DATA UNDER STUDY below:

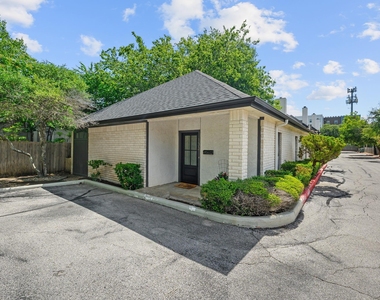 1307 Kinney Ave - Photo Thumbnail 1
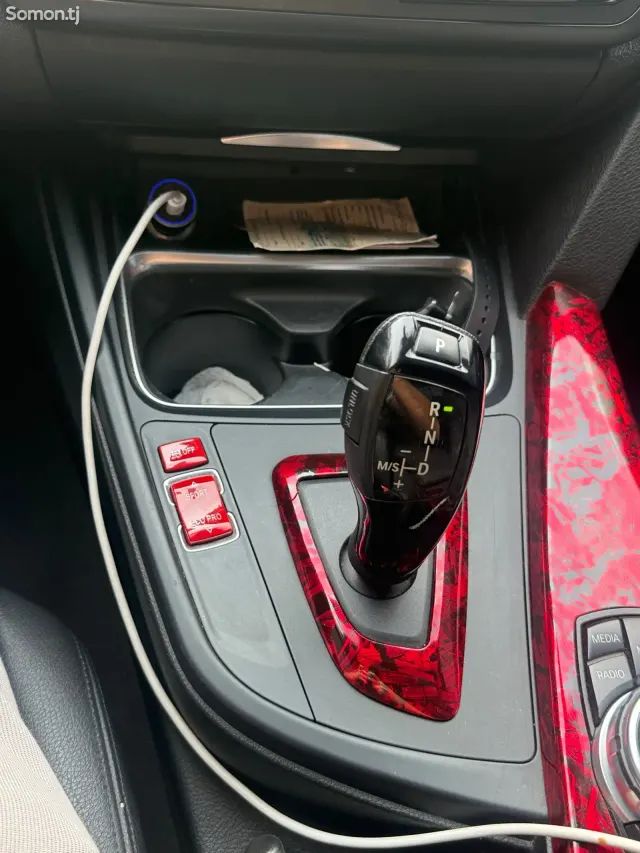 BMW 3 series 2014 · 2.0 AT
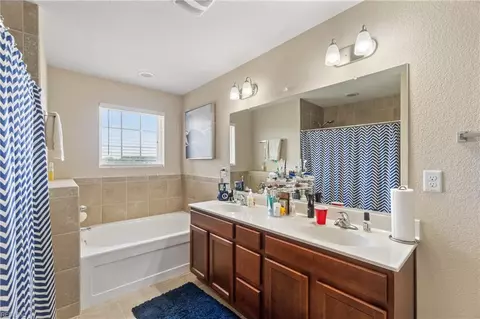 Bath - 335 Waterside Dr #60, Hampton, VA 23666 photo 2 of 3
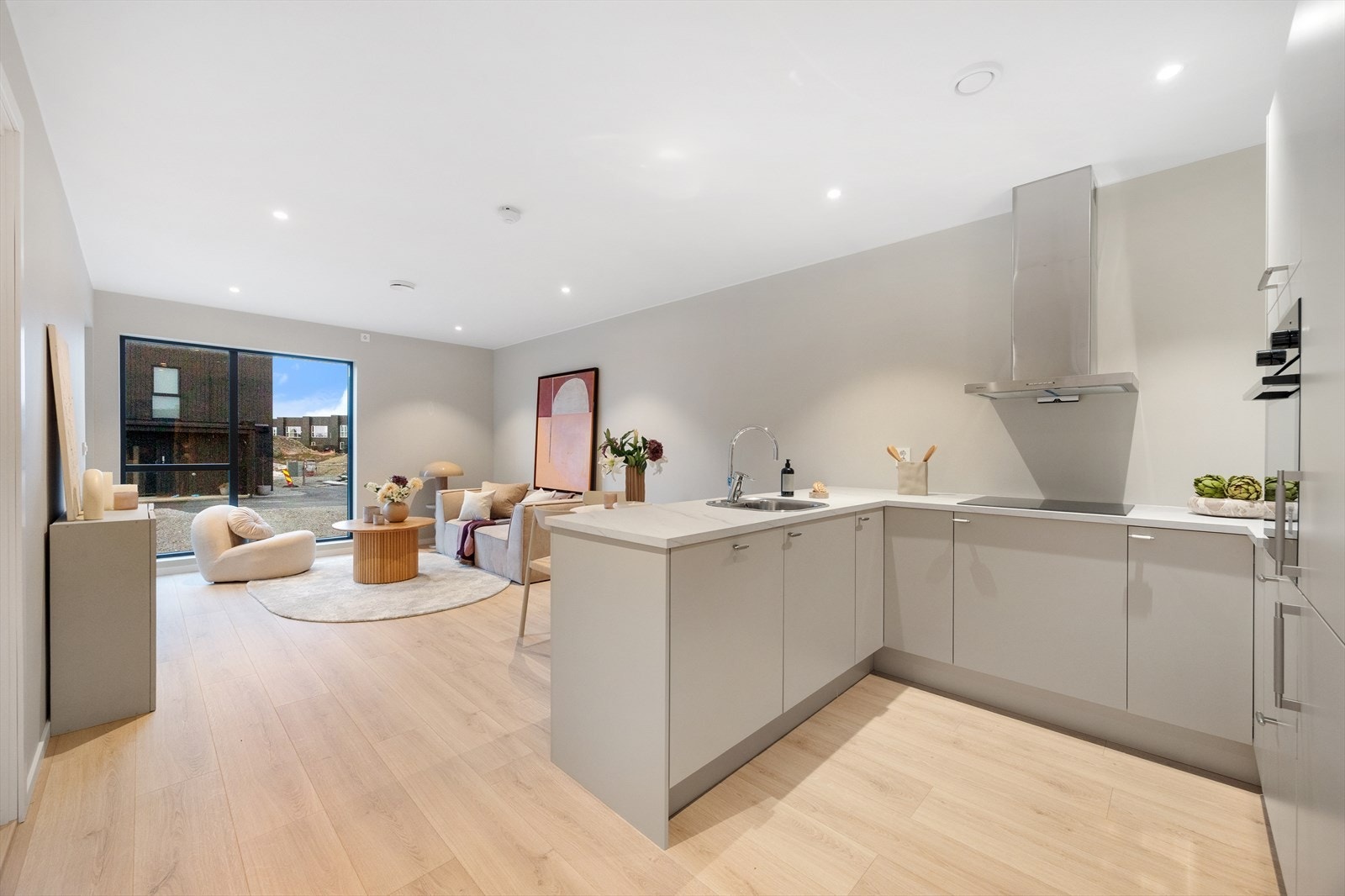 Stue / kjøkken måler 24,4 m² Galleribilde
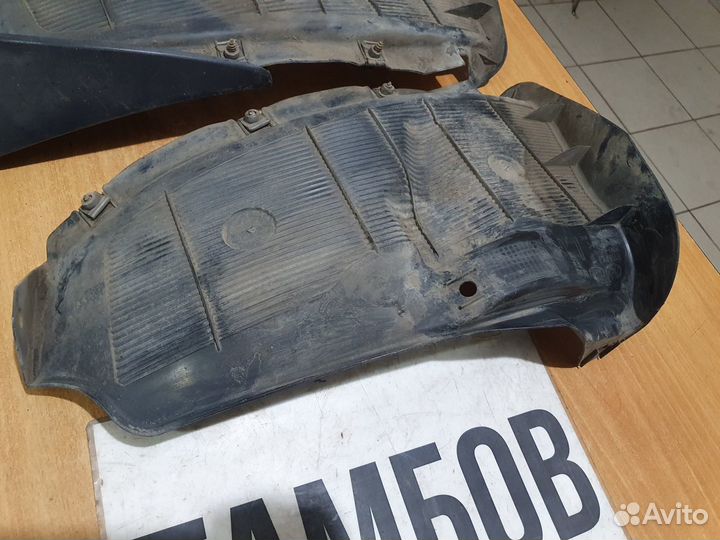 Задние локеры пара киа рио 3 седан 2012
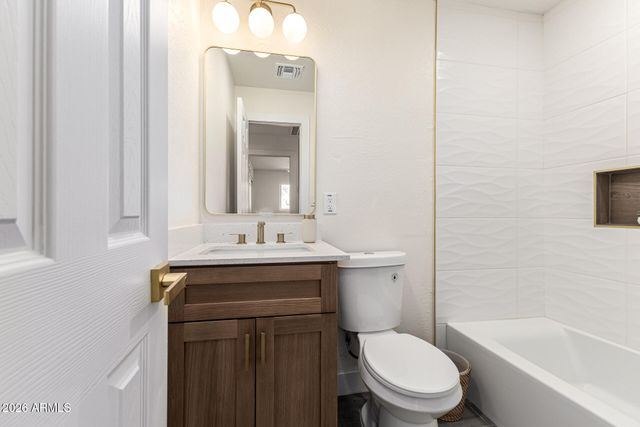 2122 W DAHLIA Drive, Phoenix, AZ 85029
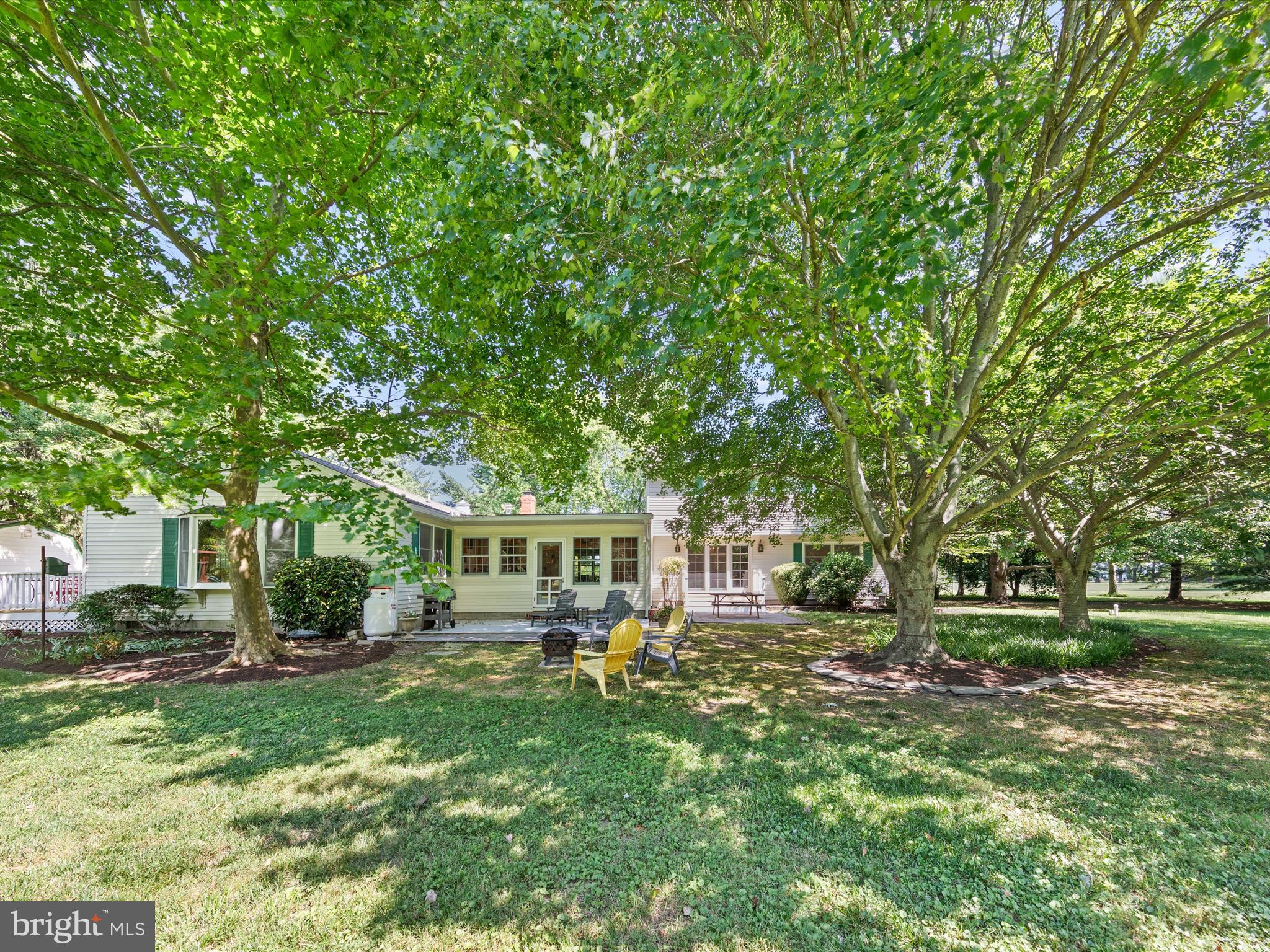 6343 Canterbury Dr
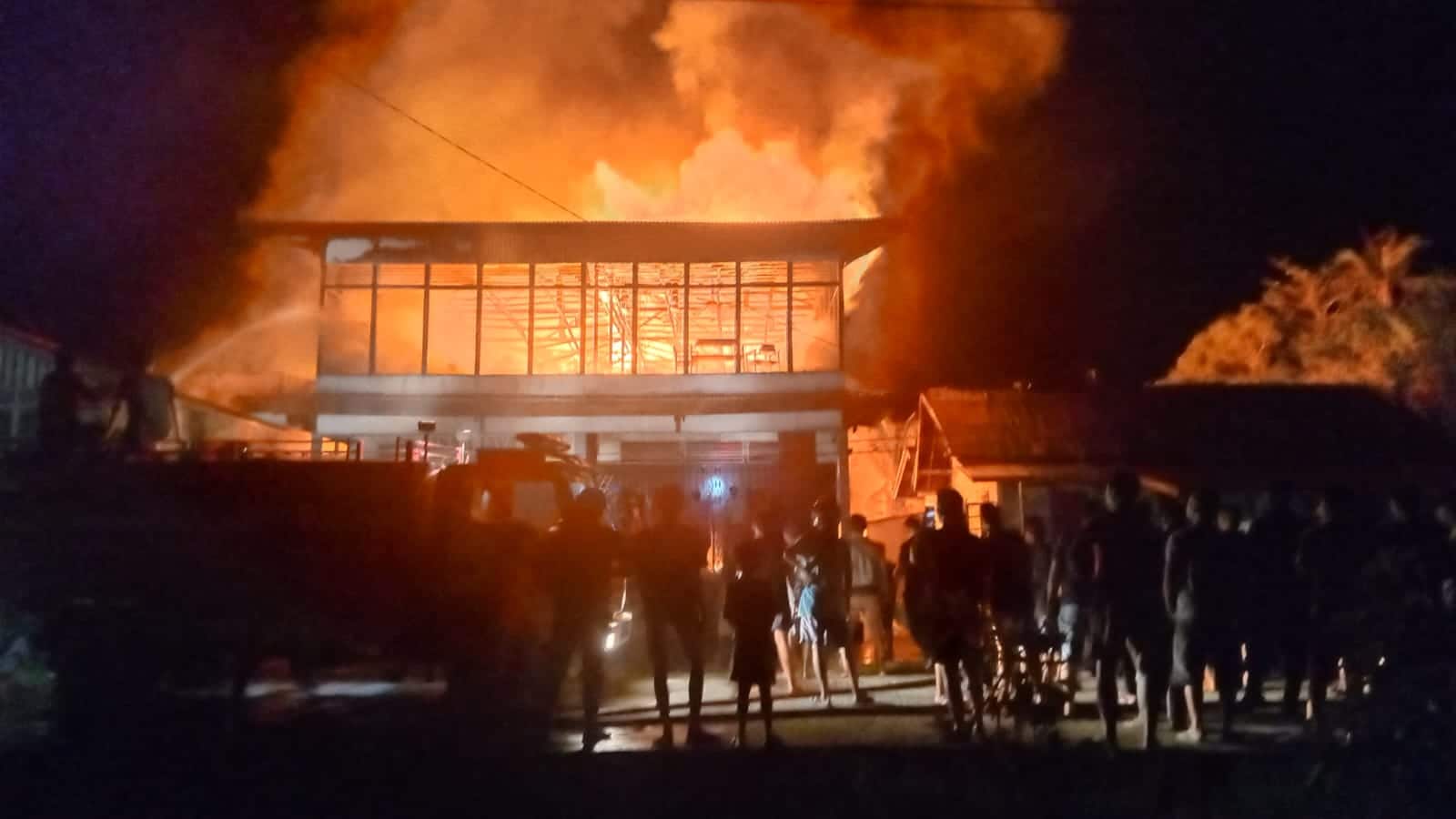 Kebakaran Pasar Merdeka, Hanguskan 9 Ruko dan 1 Rumah Warga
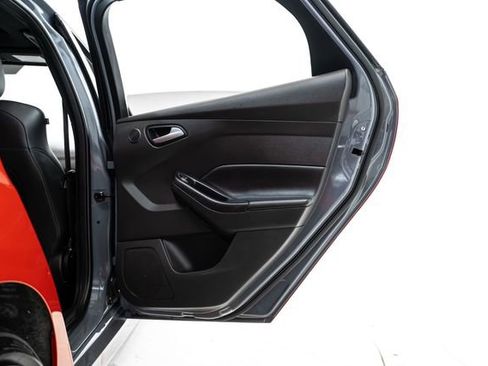 Used 2016 Ford Focus RS image 25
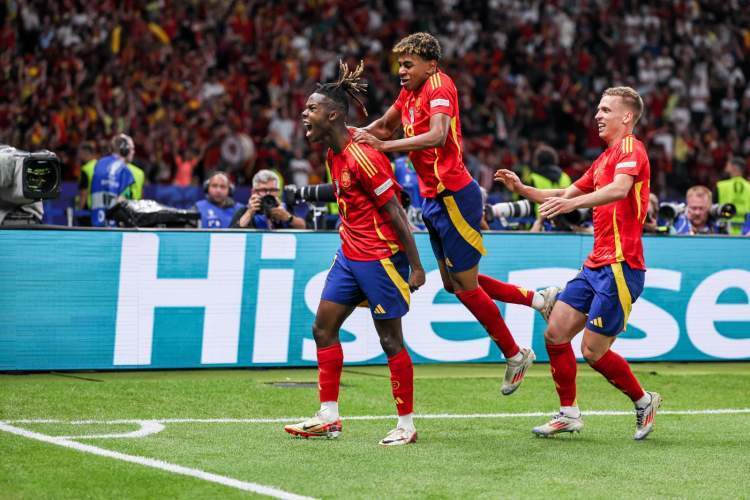 竞技宝电竞-凯恩在西班牙队比赛中连败，挺进下一轮引发热议！的简单介绍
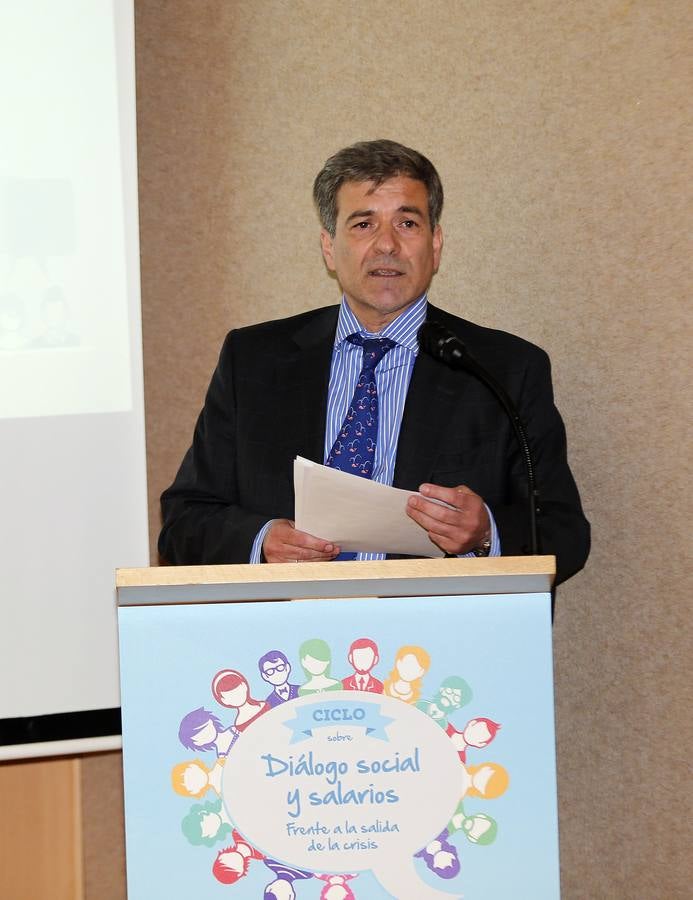 Primera jornada del ciclo &#039;Diálogo Social y salarios frente a la salida de la crisis&#039; celebrada en Salamanca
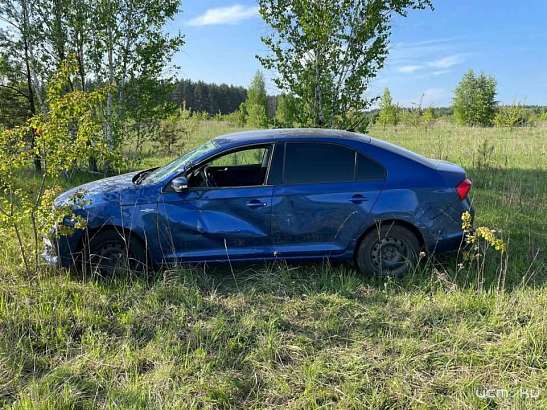 На трассе под Орлом автомобиль протаранил попутку и скрылся с места ДТП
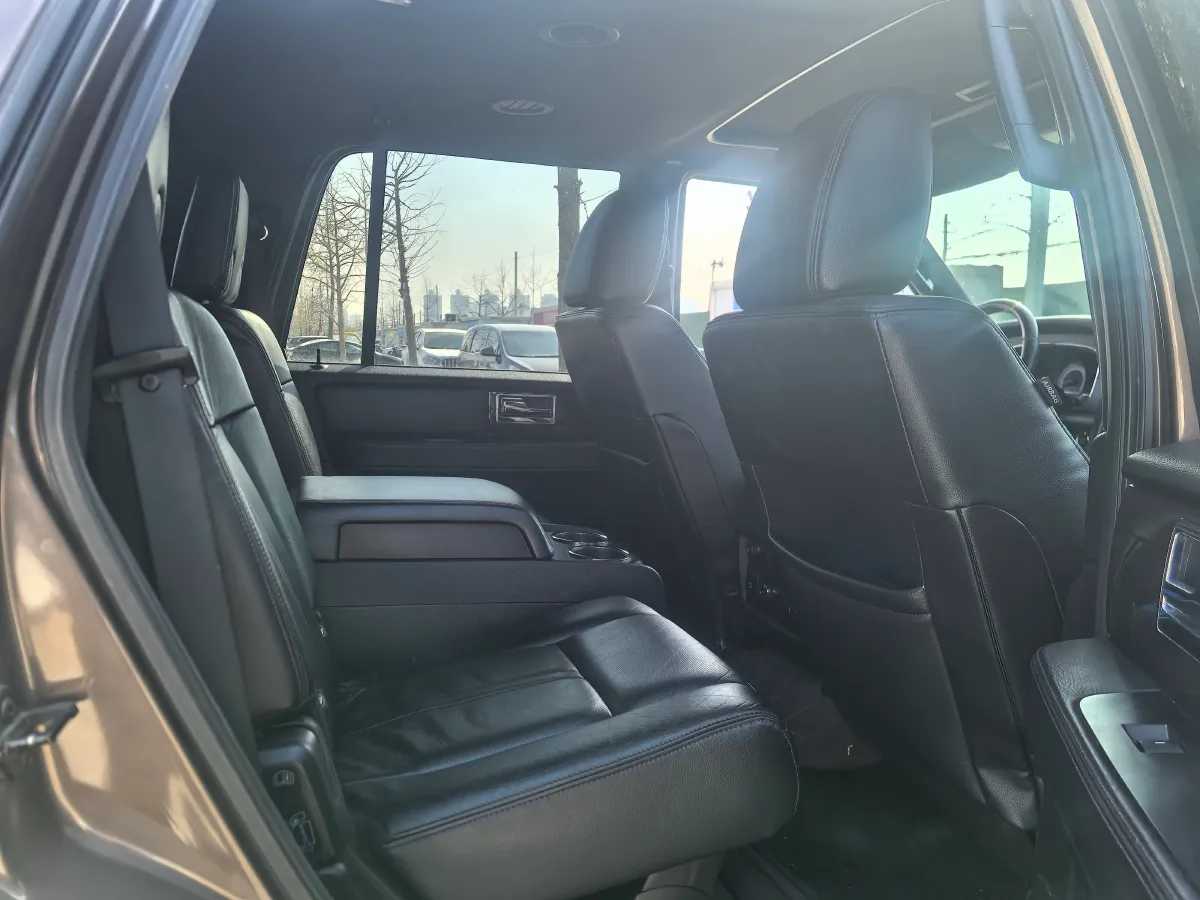 2017 Lincoln Navigator 3.5T 355HP V6 6AT,autocango,china used car exporter,china ev exporter,chinese used car exporter,chinese used ev exporter
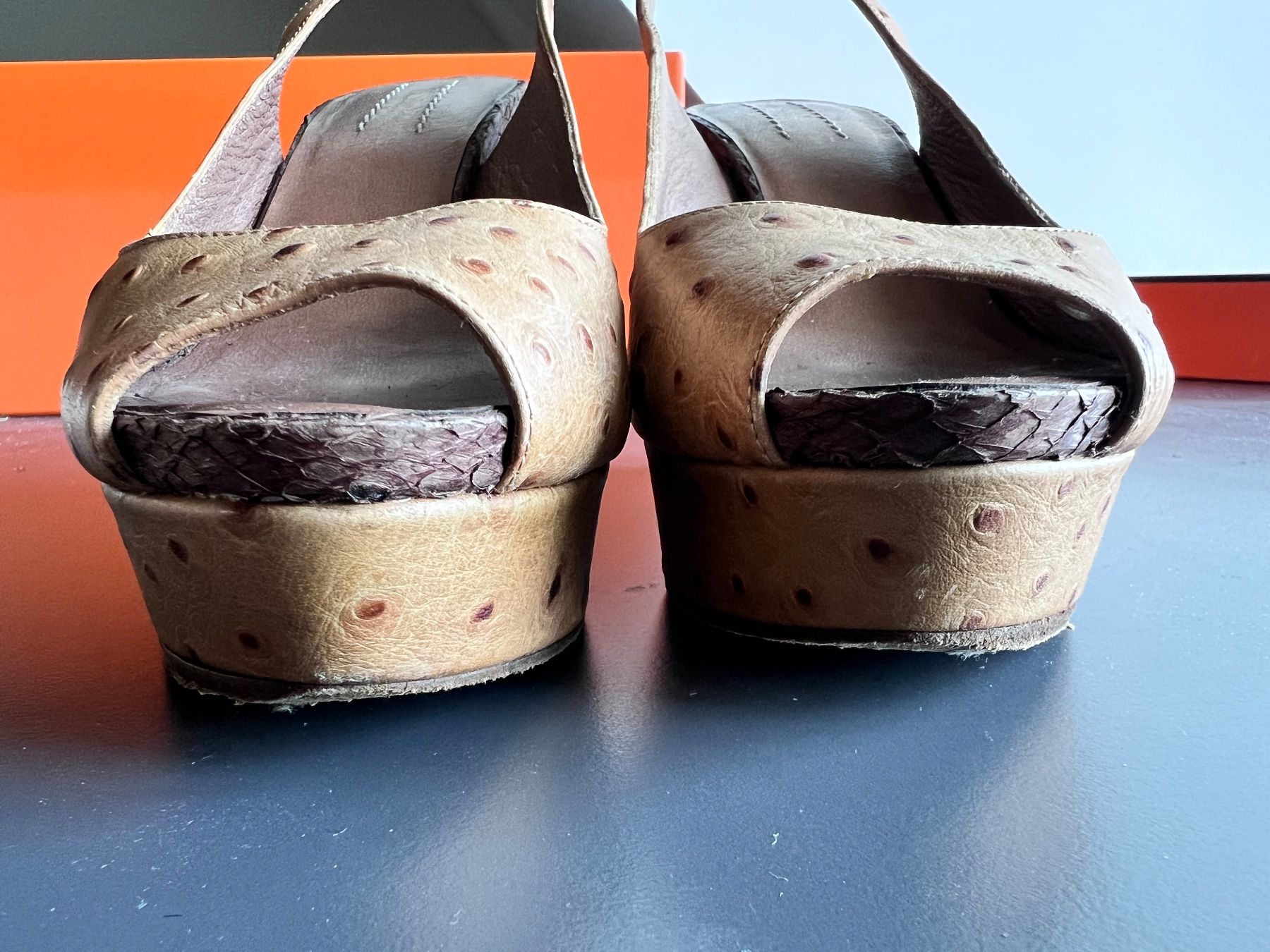 Ugg Scarpe da donna: Slingback Clocs von UGG Collections in Grösse 37 – Usato da Adliswil venduto da hellblauinsel5 4
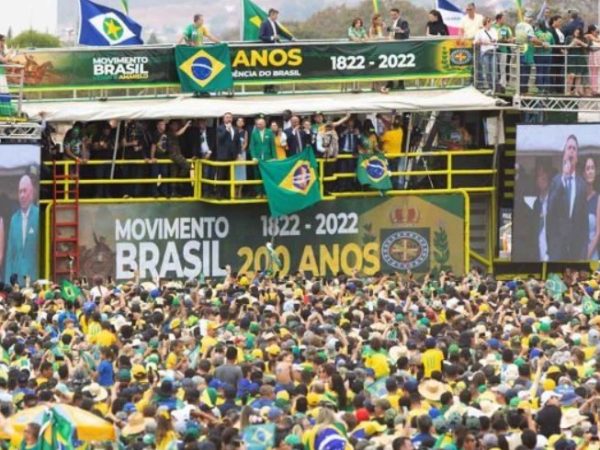 Segundo interlocutores de Lula, o PT vai tentar trabalhar em duas frentes para amenizar os frutos eleitorais de Bolsonaro com os desfiles. — Foto: Reprodução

End of DATA UNDER STUDY.

YOUR INSTRUCTIONS
Return the entries above in full and unchanged, omitting every image.

RESPONSE BOX
 1307 Kinney Ave - Photo Thumbnail 1
 BMW 3 series 2014 · 2.0 AT
 Bath - 335 Waterside Dr #60, Hampton, VA 23666 photo 2 of 3
 Stue / kjøkken måler 24,4 m² Galleribilde
 Задние локеры пара киа рио 3 седан 2012
 2122 W DAHLIA Drive, Phoenix, AZ 85029
 6343 Canterbury Dr
 Kebakaran Pasar Merdeka, Hanguskan 9 Ruko dan 1 Rumah Warga
 Used 2016 Ford Focus RS image 25
 竞技宝电竞-凯恩在西班牙队比赛中连败，挺进下一轮引发热议！的简单介绍
 Primera jornada del ciclo &#039;Diálogo Social y salarios frente a la salida de la crisis&#039; celebrada en Salamanca
 На трассе под Орлом автомобиль протаранил попутку и скрылся с места ДТП
 2017 Lincoln Navigator 3.5T 355HP V6 6AT,autocango,china used car exporter,china ev exporter,chinese used car exporter,chinese used ev exporter
 Ugg Scarpe da donna: Slingback Clocs von UGG Collections in Grösse 37 – Usato da Adliswil venduto da hellblauinsel5 4
 Segundo interlocutores de Lula, o PT vai tentar trabalhar em duas frentes para amenizar os frutos eleitorais de Bolsonaro com os desfiles. — Foto: Reprodução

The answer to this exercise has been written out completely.